After building the Kaaba, Prophet Ibrahim would come to Makkah to perform Haj every year, and after his death, his son continued this practice. However, gradually with the passage of time, both the form and the goal of the Hajj rituals were changed.

In pre-Islamic time, the Kaaba was surrounded by idols and people from Makkah and outside Makkah used to visit Kaaba during the annual pilgrimage season. Shibli Nomani mentions that the Arabs at that time did not walk between the hills of Al-Safa and Al-Marwah nor gather at Arafat. But they used to spend a day in the plain area outside Makkah and return to Makkah circumambulating Kaaba.

During the pre-Islamic period, Haj became an occasion for several festivals and activities like poetry competitions, and the most famous poems used were hung up on the Kaaba walls. Other unacceptable activities and performances also took place during Haj time.

This sad state of affairs continued for nearly two and a half thousand years. But then after this long period, the whole scene changed

The present steps and rituals of Haj were established by Prophet Muhammad (peace be upon him)

In 630 AD, Prophet Muhammad (peace be upon him) and the Muslims came back from Madinah to Makkah and claimed Makkah. The Prophet (peace be upon him) and the Muslims cleansed the Kaaba and destroyed all idols.

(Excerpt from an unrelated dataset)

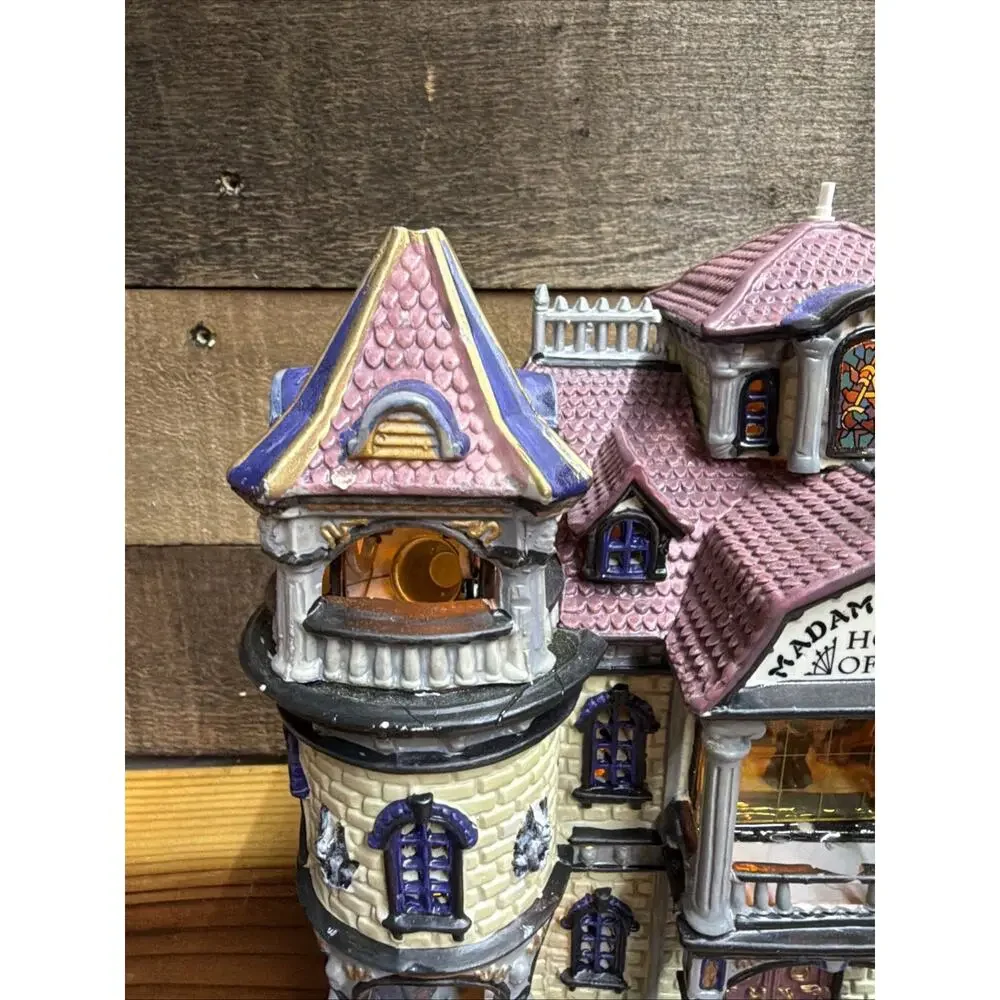 Lemax Spooky Town Collection Madam Ashbury's Lighted House of Wax 35784A-flaws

The following year, Abu Bakr, the Prophet’s companion, led 300 Muslims to perform Haj in Makkah. Ali ibn Abi Talib addressed the people, specifying the new rituals of Haj. He declared that no disbeliever or naked man would be allowed to circumambulate the Kaaba from the following year.

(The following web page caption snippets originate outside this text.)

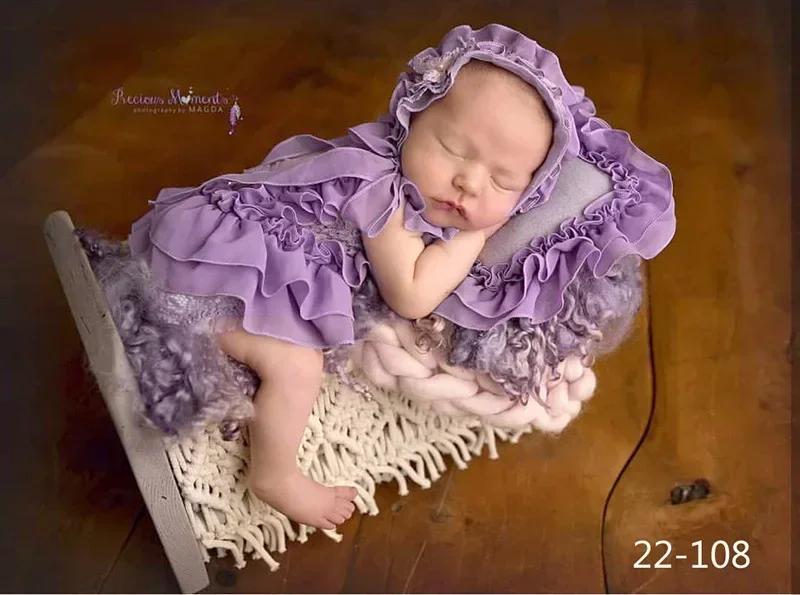 Dress color Newborn solid Princess Photography  Dress+Hat+Pearl Lace Pillow+Shoes 4pcs/suit pour nouveaux nés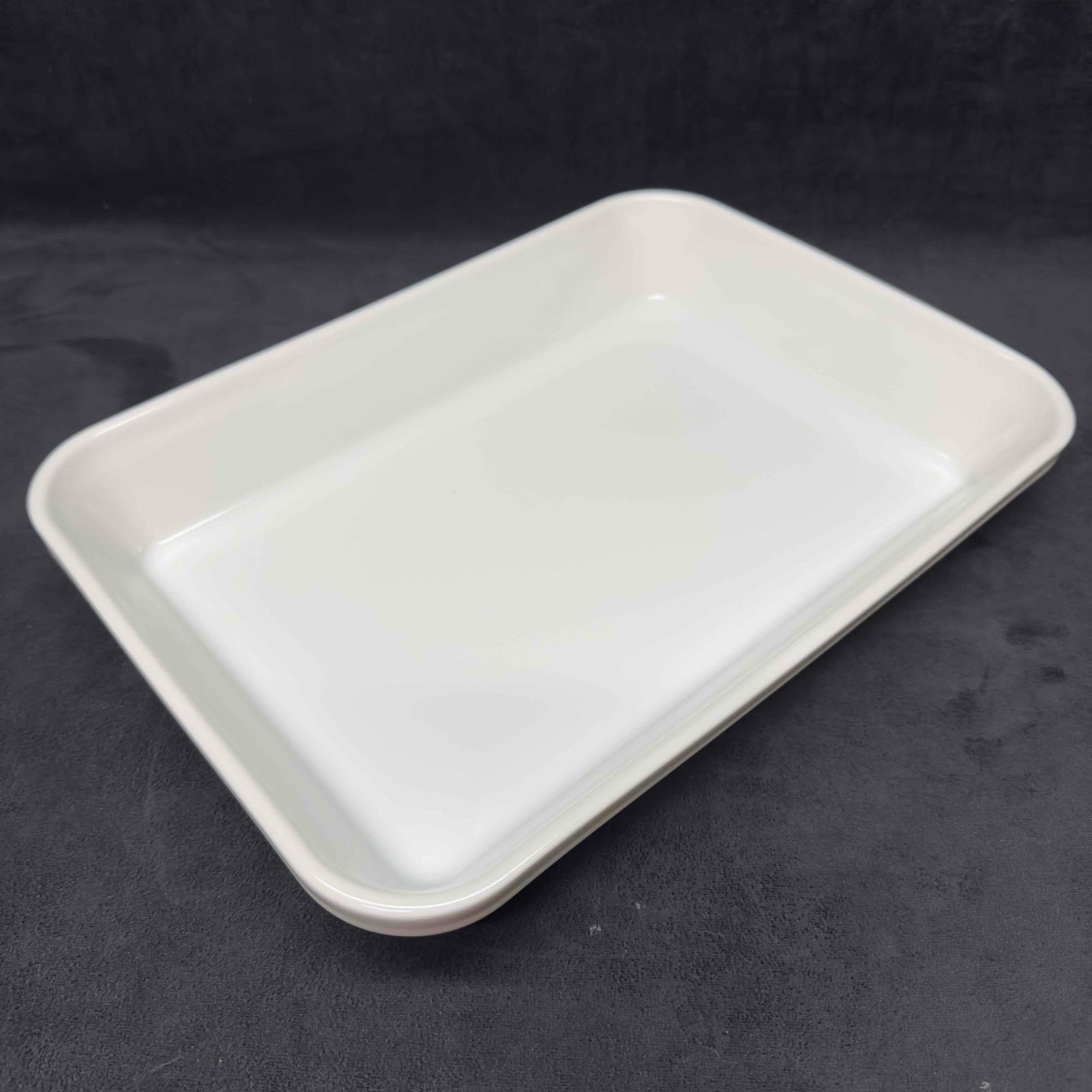 Pillivuyt French Porcelain Casserole Dish Depuis 1818 Rectangle Baking Bakeware: Pillivuyt French Porcelain Casserole Dish Depuis 1818 Rectangle Baking Bakeware. Markings on the bottom of the baking dish. Light wear, no cracks or breaks. This item is in good pre-owned, previously 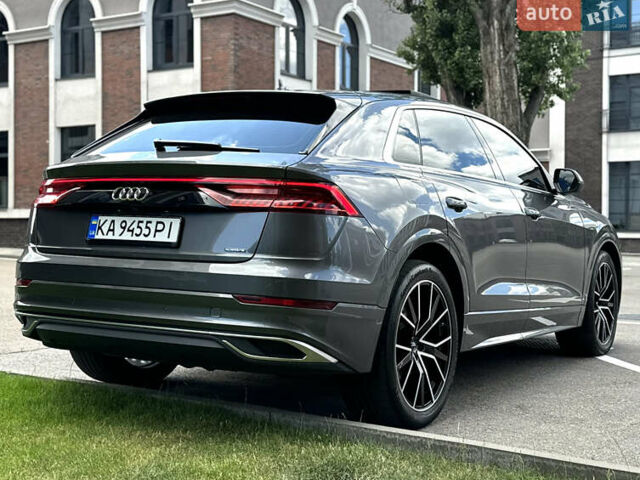 Сірий Ауді Q8, об'ємом двигуна 3 л та пробігом 140 тис. км за 54500 $, фото 19 на Automoto.ua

In the tenth year after Hijrah (632 AD), Prophet Muhammad (peace be upon him) performed his only and last Haj with a large number of Muslims, and he taught them the rituals of Haj and the manners of performing these rituals.

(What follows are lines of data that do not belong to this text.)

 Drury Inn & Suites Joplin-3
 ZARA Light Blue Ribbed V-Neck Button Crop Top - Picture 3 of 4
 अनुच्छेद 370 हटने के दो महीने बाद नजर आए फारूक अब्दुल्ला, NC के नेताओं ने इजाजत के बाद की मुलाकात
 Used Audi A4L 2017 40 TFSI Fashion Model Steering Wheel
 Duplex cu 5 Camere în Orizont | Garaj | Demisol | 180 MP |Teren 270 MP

In the plain of Arafat, Prophet Muhammad (peace be upon him) delivered his famous speech (The Farewell Sermon) to those who were present there.

(This day I have perfected for you your religion and completed My favor upon you and have approved for you Islam as religion. But whoever is forced by severe hunger with no inclination to sin - then indeed, Allah is Forgiving and Merciful.) (Chapter 5, Verse 3)

During the Islamic time and the Middle Ages, pilgrims used to gather in caravans in main cities of Syria, Egypt, and Iraq to go to Makkah. Caravans had tens of thousands of pilgrims. Military groups and physicians accompanied Haj caravans for the reason of protection, security, and care of pilgrims.

All these precautions were taken to protect the caravan from any natural risks, dangers or robbers and to ensure that the pilgrims were supplied with the necessary facilities.

Muslim travelers like Ibn Jubayr and Ibn Battuta have recorded that the Hajj caravans followed well-established routes called in Arabic, Darb al-Hajj, (pilgrimage road).

Today the Haj scene has been transformed. We see a multitude of facilities provided to pilgrims for healthcare and support. Permanent and mobile hospitals are set up in Mena and Arafat. The train cuts the time short for pilgrims to move from Makkah to Mena and is being expanded to Al-Madinah Al-Munawarah. Hotels and restaurants work 24/7 to serve pilgrims. Can you imagine how it was like in the olden times?